I do have a tremendous- I have 14 cats and I'm used to a certain judgmental moan that comes from people when I tell them I have 14 cats. I don't disagree. A lot of times people say to me, they say, well how did you get 14 cats? Sort of dripping with judgment. And I can tell them exactly how I got 14 cats, which is I had 16 and 2 died.
It is a lot of cats. It's a tremendous amount of sifting. Sometimes when I'm walking down the street- because all my cats are indoor cats- sometimes I'm walking down the street and I'll see tacked up on a telephone pole, like, a little handmade sign saying, with a picture of a cat on it, saying that, you know, somebody's cat is missing and I feel a little jealous. I think maybe some of my cats could be missing.
GG: But you know you say people are judgmental about this. You certainly meet people who don't like cats. What do you think about those people?
PP: It's funny, I had a friend over last night. And cats are funny. They really antagonize people who don't like them. My cats seem to be drawn to people who are either allergic to them or just plain don't like them. Last night I must have gotten up and gotten this cat out of my friend's chair, no exaggeration, like 30 times. And every time the cat would sort of, you know, go back up and sit in that chair and eventually the guy just relinquished the chair to him and I kept going, no get rid of the cat and I'd not knock the cat off again. Seconds later it jump up again. I can't think of any other time that cat was so determined
to be in one particular place.
GG: That's what's admirable about them.
PP: That they're antagonistic.
GG: Yeah, that they're going to take that chair from that person who doesn't like them. Like, we're not like that as people.
PP: No.
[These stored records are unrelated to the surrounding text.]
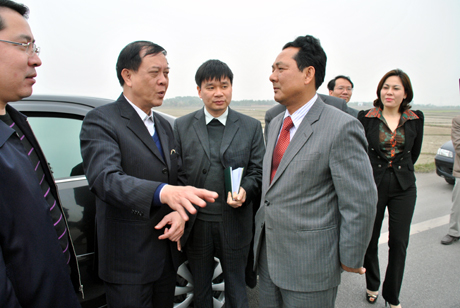 Phó Chủ tịch Thường trực UBND tỉnh kiểm tra thực tế tại Đông Triều.
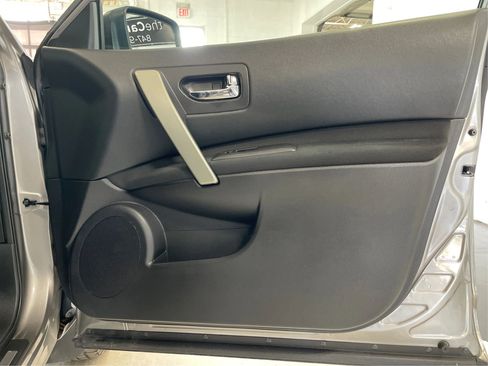 Used 2014 Nissan Rogue S image 24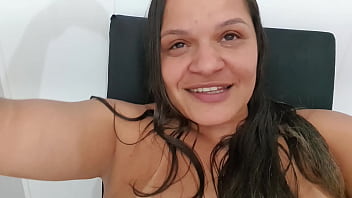 Preview 4 of Maledom Humiliation - Paty Bumbum se arreganha a espera de um grande peru de natal .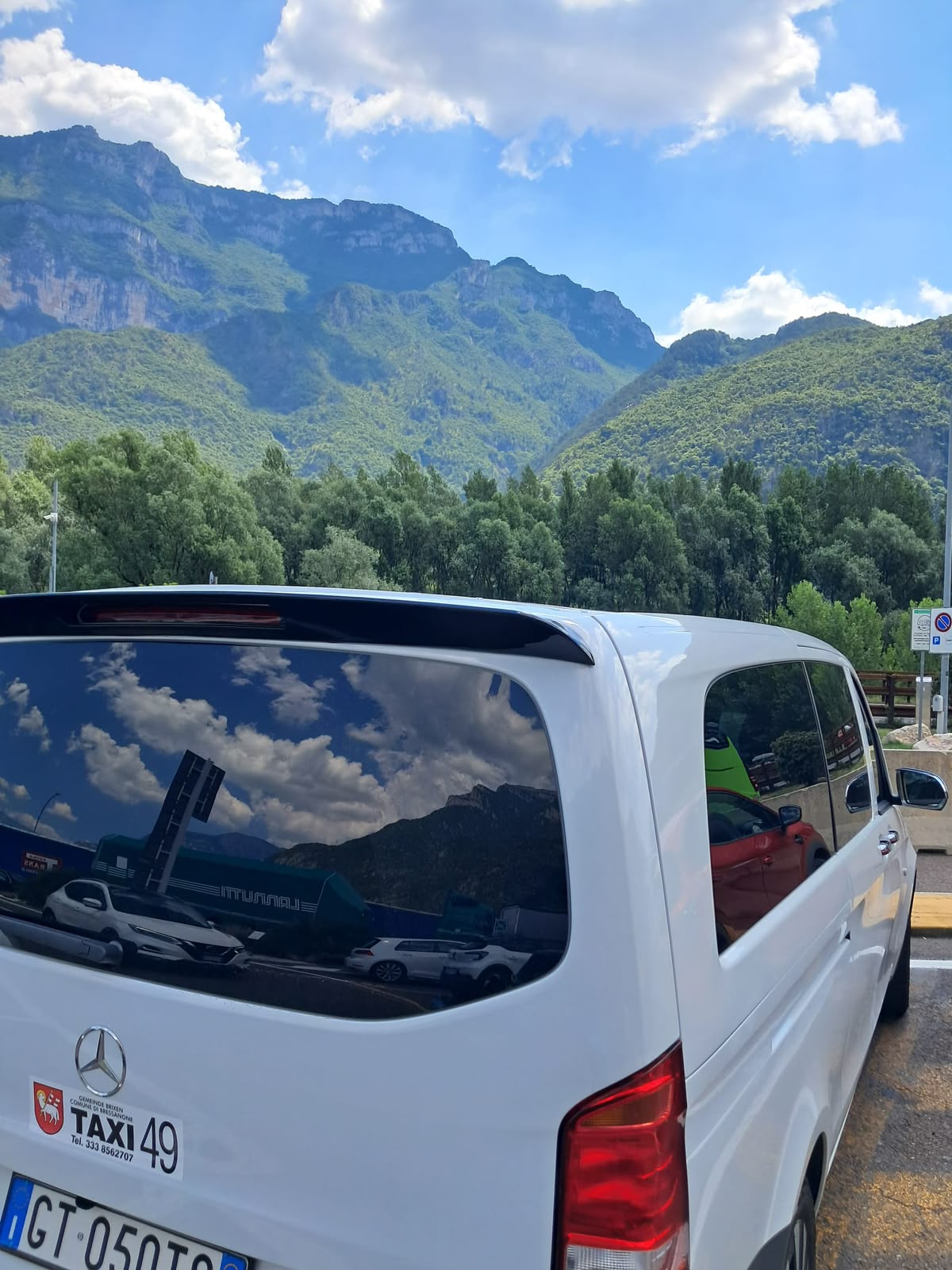 Taxi 49 Mercedes Van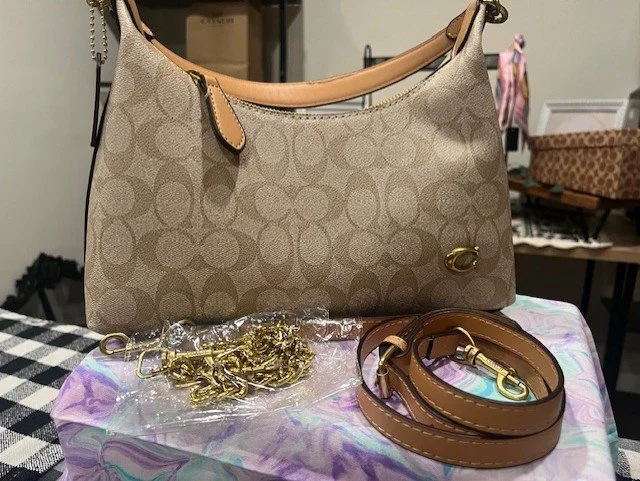 Elegant Designer Shoulder Bag with Dual Straps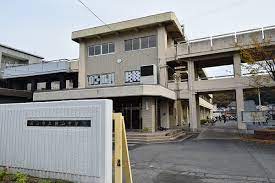 中学校　岡山市立操山中学校（中学校）まで821m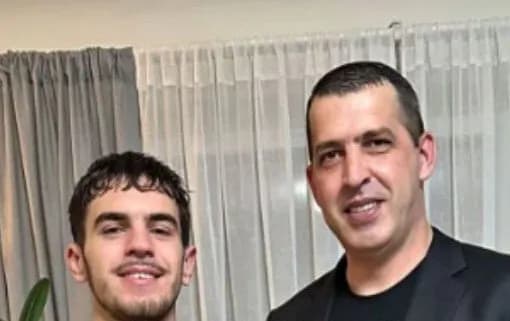 Babai i të riut që u vra në Suedi prek me postimin emocional: U prehsh në paqe djali jem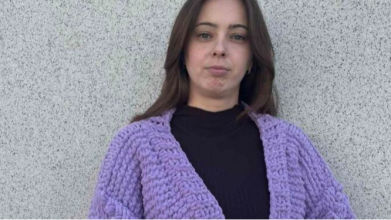 В’яже руками без спиць і гачка: як майстриня з Волині створює кардигани та пледи, що дарують тепло й спокій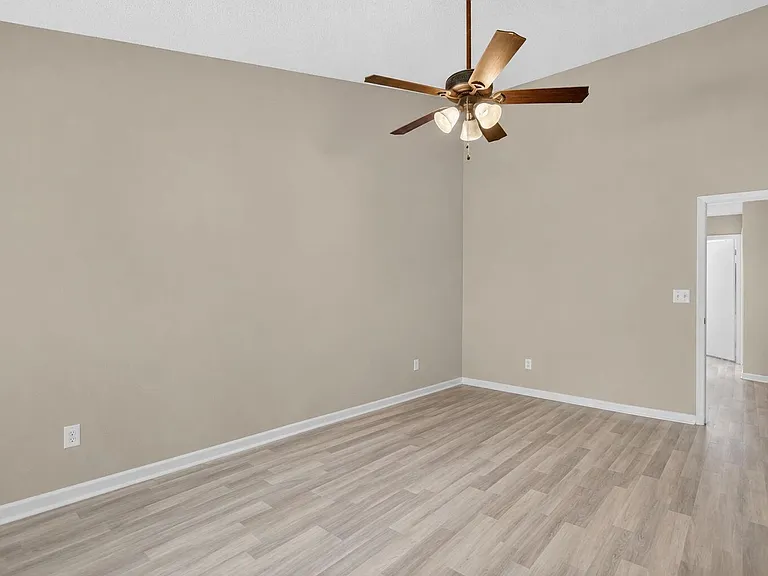 5314 Sapphire Valley — Photo 22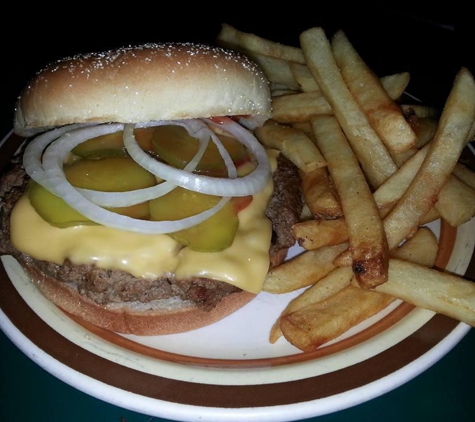 Archey's Bar & Grill - Onondaga, MI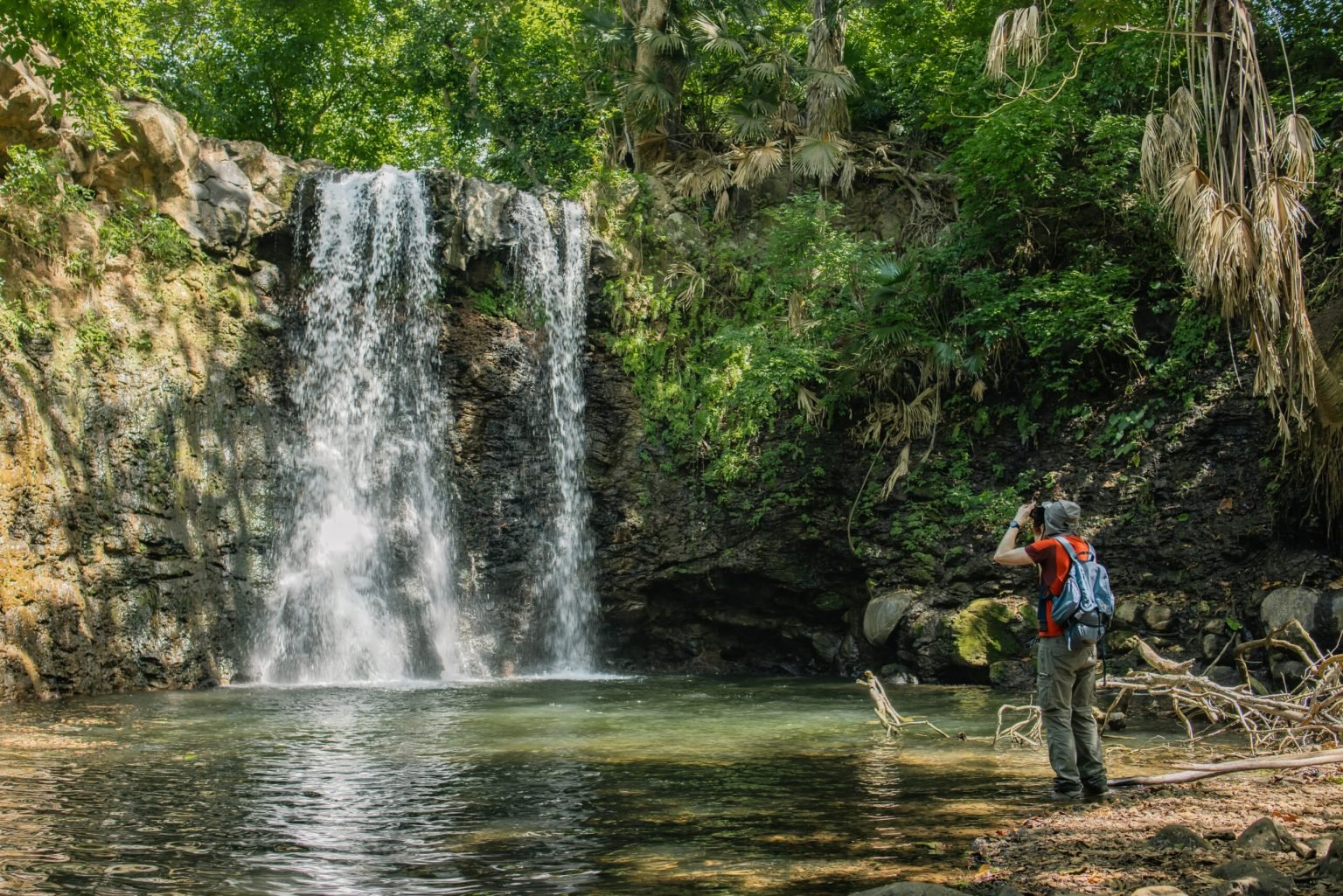 Hiking the Wild South photo 3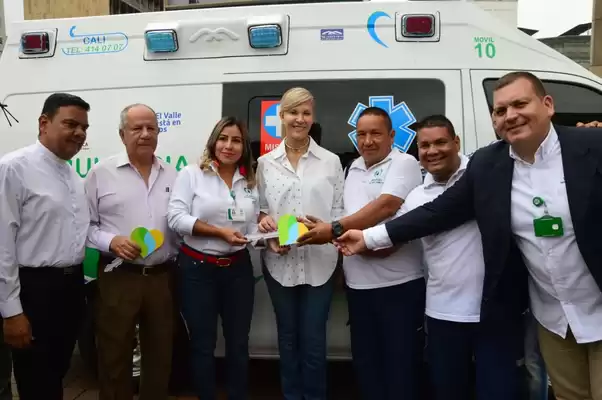 Gobernadora entregó ambulancias medicalizadas  al Isaías Duarte Cancino y San Juan de Dios de Cartago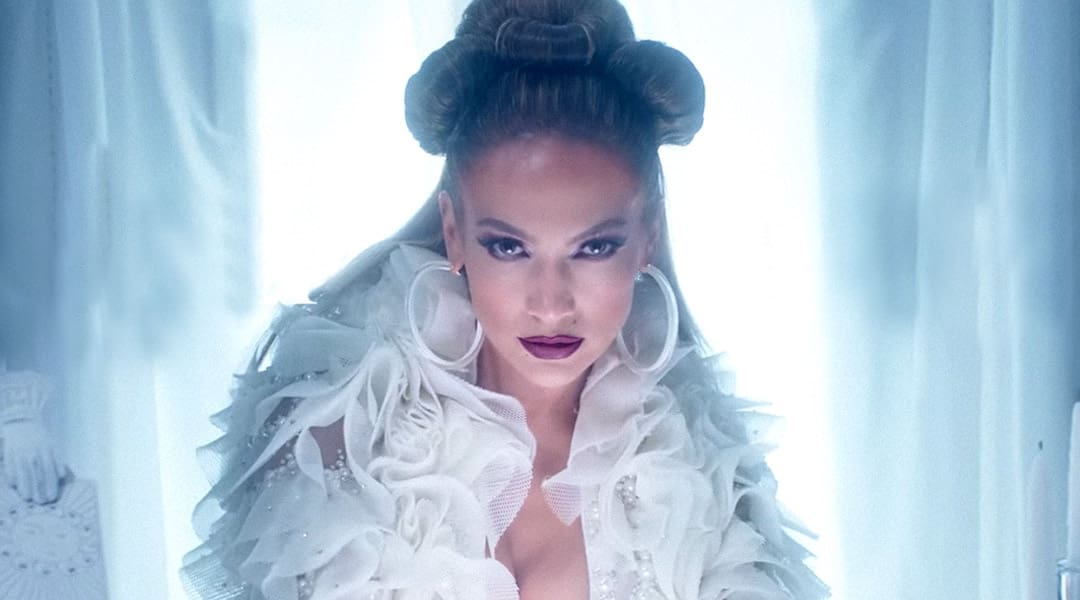 Jennifer Lopez Wears Furne One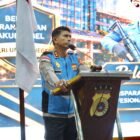 Kapolda Aceh, Irjen Pol Drs. Marzuki Alibasyah, M.M, saat memberikan arahan dan menegaskan prinsip BETAH (Bersih, Transparan, Akuntabel, dan Humanis) kepada para peserta dan orang tua pada penutupan sidang terbuka di Gedung Meuligoe. (Foto: Dok. Humas Polda Aceh)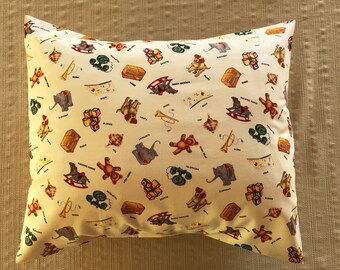 Vintage Toys Pillowcase / Envelope Pillowcase / Travel Pillowcase / Toddler Pillowcase / Child Pillowcase / Toys Pillowcase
Well. Some of us are. I think my guess is soon ... a cat will have a secretary position in this administration. That's my guess. It's going to be really—really galling--- to be like, Secretary of Dogs. So they go where they don't belong. They know nothing about it and they're not even in support of that group. Surely some cat will be Secretary of Dogs.
GG: That was comedian and author Paula Poundstone. Her book The Totally Unscientific Study of the Search for Human Happiness comes out on May 9th. I'm Gina Gambony for WHQR.